ATTRIBUTE NAMING GUIDELINES

What are the issues faced during the process of deciding column names of objects in physical data layer?

In our usual process of naming columns, intentionally, or unintentionally we use a mix of both sources manually to come up with names for columns. This makes the process of deciding on column names extremely fluid and inconsistent.

Following are, few of the consequences.

  1. We often use abbreviated words in column names on the basis that,
    1. they were already also used in upstream objects, or
    2. It's a legacy column, and we use it, as is - thus violating naming rules
    3. they were used in similar columns of other existing objects.
  2. We do not use class words sometimes for columns and this gets overlooked in the process.
  3. We sometimes use class words in the middle of objects. It often gets overlooked, if they conform to enterprise naming rules or not.
    1. If is the sole class word used in the column name, it defeats the purpose of class word (classification and easier understanding data qualities of column by looking at the last word).
  4. Sometimes we use approved abbreviations for class words, sometimes we just use the full class word.
    1. WDTH or WIDTH, WT or WEIGHT, PRC or PRICE, PCT or PERCENT, YRS or YEARS etc.
  5. We sometimes make up new acronyms or abbreviations or compose words together adhoc, as suited for a situation and propagate them further in downstream objects.

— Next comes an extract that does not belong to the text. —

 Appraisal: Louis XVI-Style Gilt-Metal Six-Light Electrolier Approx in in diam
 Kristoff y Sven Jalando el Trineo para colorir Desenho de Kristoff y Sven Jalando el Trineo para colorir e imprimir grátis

Since there is no tool/platform to use, to get feedback on column names during the process of naming, all the above actions further propagate inconsistencies in column naming across Data Landscape.

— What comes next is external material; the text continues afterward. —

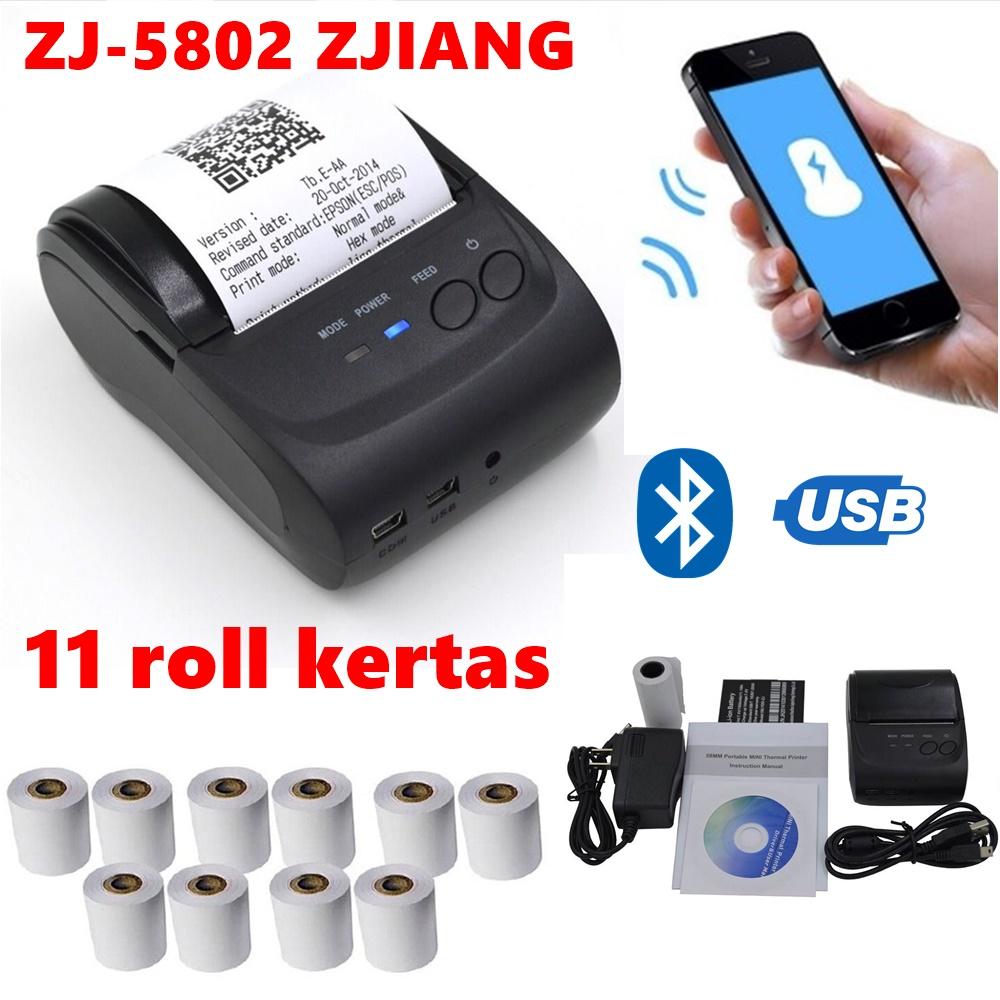 Printer Bluetooth Thermal Zj-5802 Plus 11 ROLL Kertas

GIST OF PHYSICAL DATA NAMING STANDARDS

Apply to Data at Rest:

  1. The Data Lake (ex: S3)
  2. The Data Warehouse (ex: Snowflake)

Column Names in Physical Layer:

All physical names will simply be the full logical name (see exceptions in catalog for limited abbreviations) with a specified physical platform separation scheme to replace the spaces as follows

  1. SNOWFLAKE - REPLACE_SPACES_WITH_UNDERSCORES_AND_USE_UPPERCASE (set as Snowflake uses case to determine uniqueness)
  2. HIVE METASTORE (for our Data Lake) - replace spaces with underscores.

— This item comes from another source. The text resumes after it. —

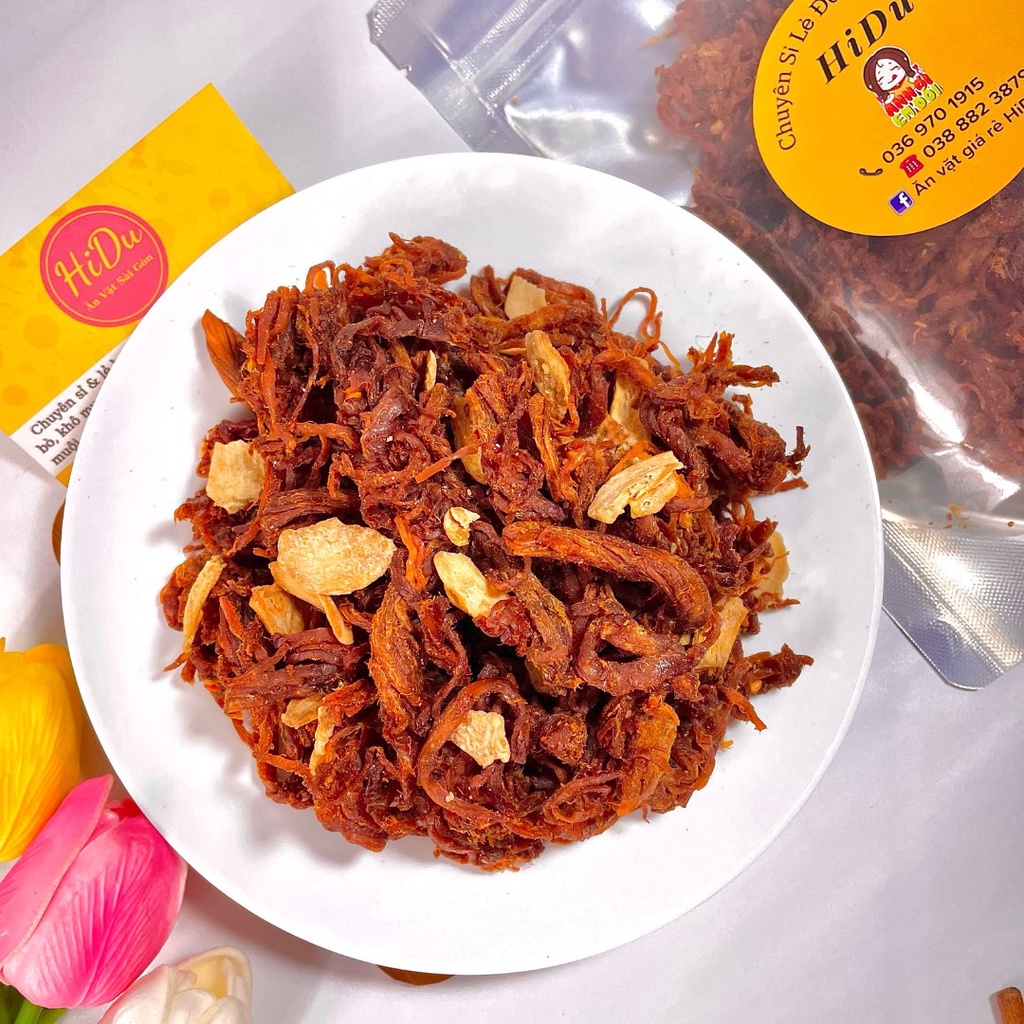 Khô heo cháy tỏi HiDu 100gr loại ngon đậm vị sợi to | BigBuy360 - bigbuy360.vn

Abbreviation usage Exceptions to Full Names:

  1. Where APPROVED ACRONYMS exist for a logical name, those acronyms may be used in the physical name
  2. ALL CLASS WORDS - which always come at the END of a column name.

** Class Word Abbreviations apply to NDF Curated, Integrated, and Aggregated layers. These do not apply to integration based canonical models as they specify the full word.

Primary Keys:

  1. This will often just be the Table Name as the qualifier (e.g. Employee) followed by ID (e.g. Employee_ID)

Foreign Keys:

  1. Where a primary key from one table is used as a foreign key in another table, it should keep the same original name.
  2. Where a primary key from one table is used in more than one way, appropriate role-playing names should be applied
    1. e.g. In an Employee table, where the primary key is "Employee_ID", a foreign key to the employee's manager would need to be role-named - e.g. "Manager_ID"
    2. e.g. in a Project table, with references to multiple employees, each foreign key reference would need an appropriate role name - e.g. Scrum_Master_ID, Solution_Architect_ID, etc.

Understanding and consistency in names are much more important than shortness going forward

  1. Yes, it takes longer to type the names, BUT the architectural principles of Simplicity and Ease of Use far outweigh this.
  2. Easily understood as ideally data names will be written once, but consumed multiple times.

Physical Column Ordering

  1. WHY? - The reason for this ordering is, to FACILITATE ease of consumption. Ordering does not affect the performance in Snowflake.
  2. Columns should be ordered as follows within views or tables in physical databases
    1. Primary Key (PK) Columns
    2. Everything else in alphabetic order (except Audit/HouseKeeping columns)
    3. Standard Audit/Housekeeping columns (e.g. Create Date, Last Update Date, etc.)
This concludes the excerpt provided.